Tra quelli che non hanno idea di quel che accadrà c’è anche la Repubblica d’Irlanda che, sorpresa!, dell’Irlanda del nord non ne vuole sapere. Le ragioni per cui Dublino non vuole niente di più che un rapporto di buon vicinato con i cugini dell’Ulster sono tante e chiare. La prima è politica e culturale: l’Eire, che pure è cattolico, è uno dei paesi più liberali d'Europa, mentre l'Irlanda del nord è rimasto uno dei paesi più conservatori della regione. Poi ci sono quelli economici: l’Ulster è povero e vive di finanza pubblica, mentre l’Eire è in ripresa (ha il tasso di crescita più alto per gli ultimi quattro anni dell'Eurozona).

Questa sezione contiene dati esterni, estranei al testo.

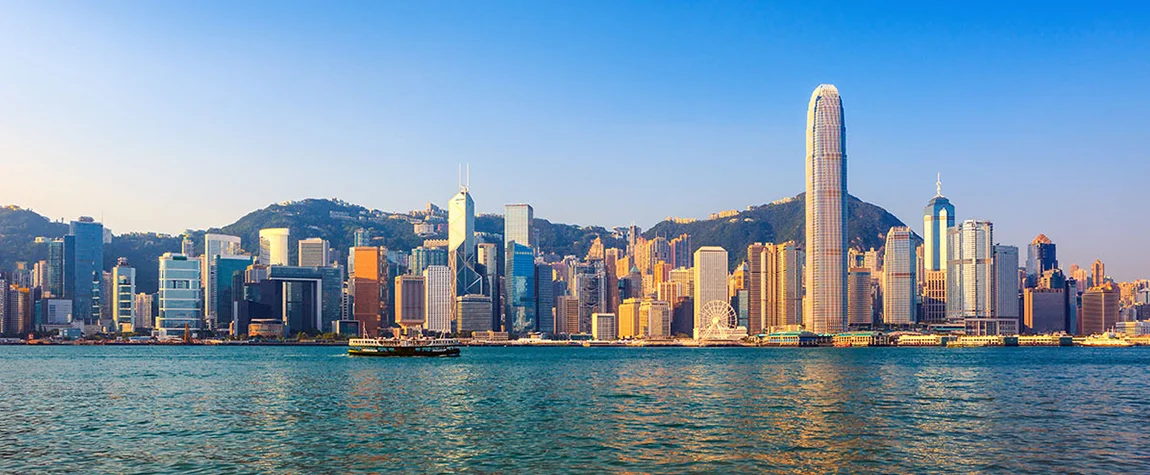 The famous Architectural Marvels and Iconic Landmarks in Hong Kong
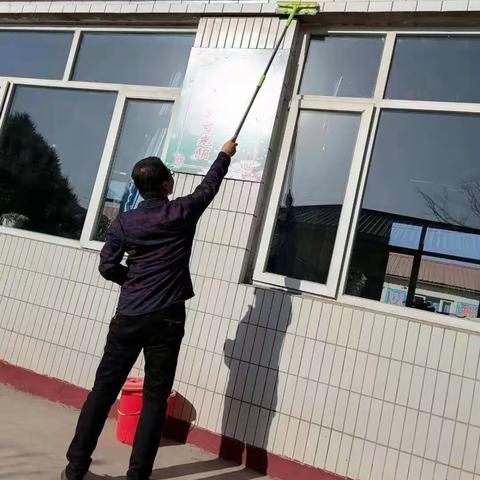 督导迎查照片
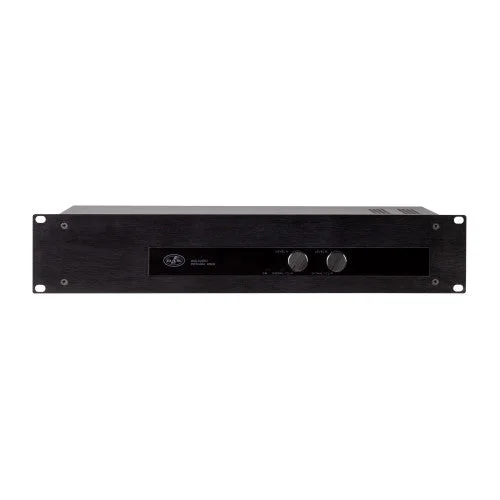 DAS Audio INTEGRAL-A1602 2-Channel 800W at 4 Ohms Power Amplifier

 Dunque, se, con un colpo di scena nel colpo di scena, l’Irlanda del nord dovesse dare segno di volersi avvicinare a Dublino, per l’Eire sarebbe un carico enorme.

 

Per questo, con l’ennesima giravolta, oggi, Dublino, che non voleva la Brexit e che anzi ha dato man forte a David Cameron perché vincesse il referendum, ora si ritrova ad essere l’alleata numero uno di BoJo. Il 10 ottobre, il primo ministro irlandese Leo Varadkar e il premier inglese si sono incontrati in un luogo segreto e lontano dalla stampa. Cosa si siano detti di preciso non si sa. Quel che è certo è che Varadkar ha detto di essere “ottimista che un accordo si troverà entro la fine del mese”. 

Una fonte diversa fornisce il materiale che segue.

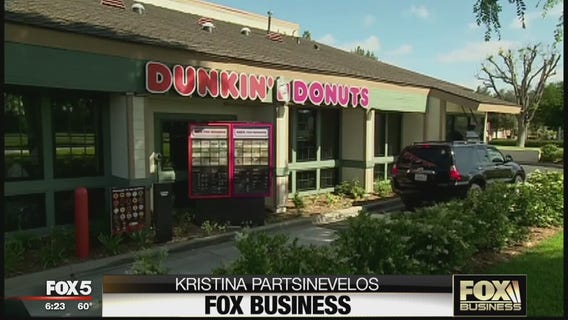 FOX Business Beat: Dunkin' Adding New Breakfast Bowls; Burger King Impossible Whopper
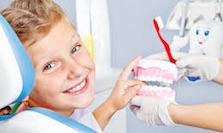 Zobārstniecība bērniem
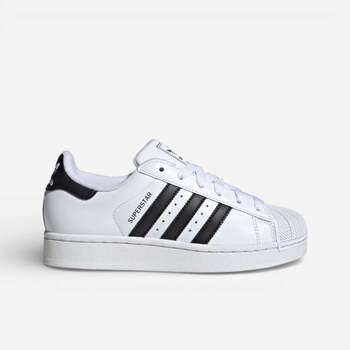 adidas Zapatillas Superstar II White Black (GS) para hombre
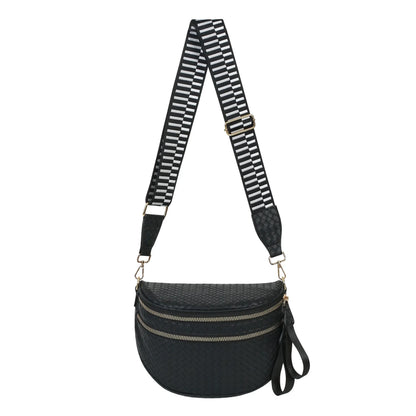 Miejska Elegancja w Wydaniu Premium – Torebka MILANO 1+1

Forse l’ipotesi più probabile è che Dublino trovi un modo per creare una dogana elettronica tra le due Irlande che non appaia come un vero confine, ma più come una zona franca, un’intercapedine di territorio. Una pezza che rattoppi il buco della Brexit, che permetta a Dublino di non doversi fare carico dei nordirlandesi e che permetta a Johnson o di andare a Bruxelles dicendo “ho fatto il confine, ce l’ho fatta, addio” o di andare a Westminster e dire “è impossibile, sciogliamo le camere, andiamo a elezioni e datemi pieni poteri (cit.)”. 
Nessuna delle due strade appare meno sconclusionata dell’altra. Eppure è una di queste che, prima o poi, prenderà forma e per rendere l’idea di quanto paradossale la situazione sia, basti sapere che il Guardian ha definito Dublino “un nano con un grande vantaggio: l’inettitudine britannica”.